We have a NetApp FAS2020 as our SAN.
We are in the process of deploying our Hyper-V 3 node cluster. We've been umming an ahhing over what to do re the physical switches. At present we have 3x 48 port gig switches stacked together (using the backplane, not RJ45 interconnects) for our entire LAN (servers, pcs, printers etc). We have got 2 dedicated 24 port gig switches solely for SAN traffic to keep that seperate (Hyper-V nodes to SAN). Each node also has 2x dedicated gig NICs for this purpose.
However, we are not sure how to deploy the 2 dedicated switches for SAN; do we keep them entirely seperate from the other 3 switches and not stack them, or do we add them to the stack. The former has the disadvantage that the SAN won't be manageable from client PCs (only the Hyper-V nodes) and it won't be able to communicate with the internet (for auto support functions). The latter gives us these benefits but then may introduce performance problems as the traffic could bleed to the other switches.
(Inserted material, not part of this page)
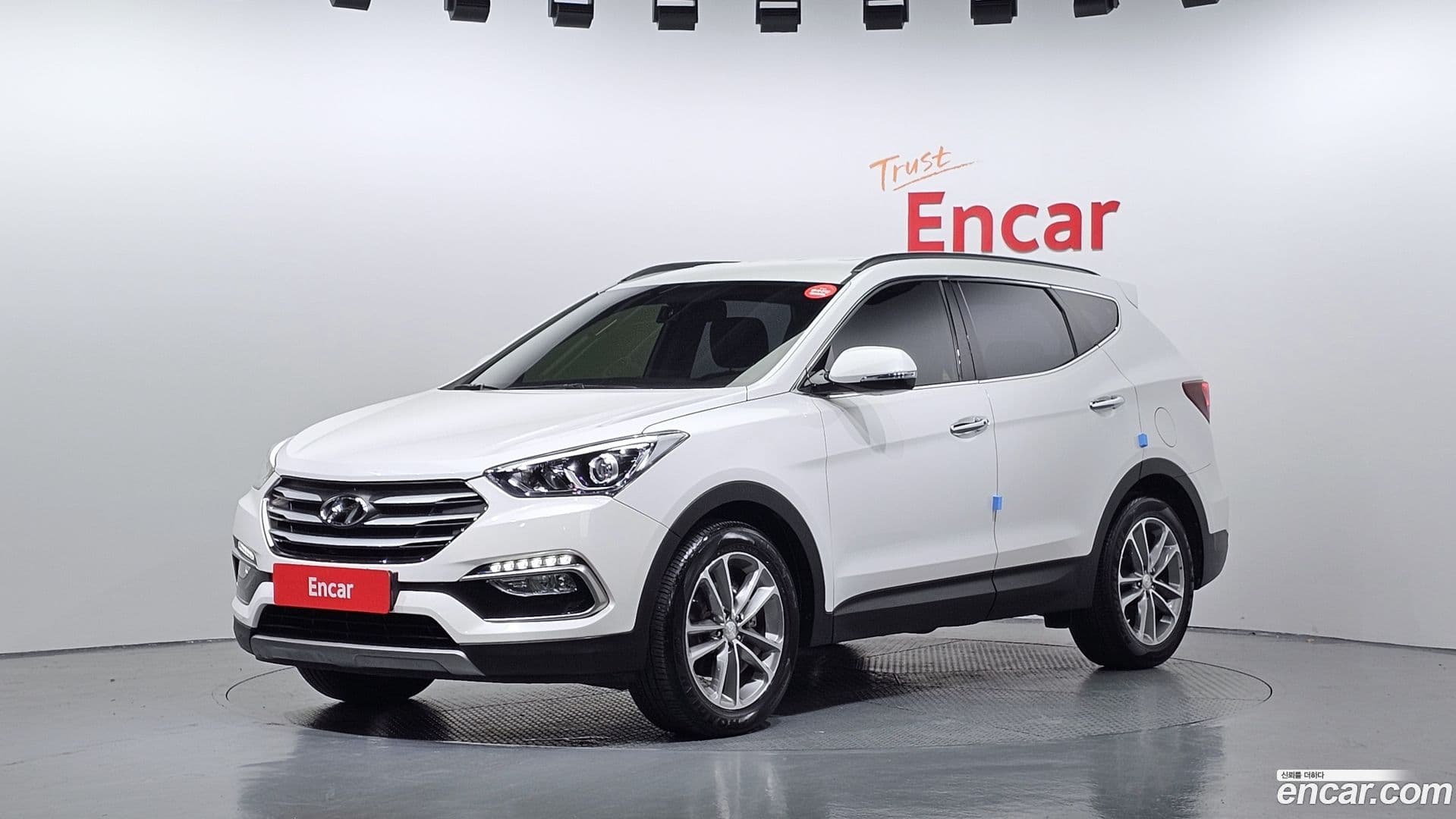 Main__Slider__Photo:Santafe Hyundai 2016.7-0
Are there any recommendations as to this sort of deployment headache!
3 REPLIES 3
Which protocol are you going to use, iSCSI, NFS?
Can you stacj these 2 24 port switches, what model are they?
Take a look at Cisoc 2960S 24 port stackable, i just got 2 for exactly the same setup, except for vSphere, they support cross-switch etherchannel and have "out of band" management port which will enable you to plug it into your LAN stack for management.
These will be solely for iSCSI traffic.
They are Netgear GS724TS switches. Yes they can be stacked but is there any benefit in doing so compared to having them completely seperate with regards to MPIO purposes?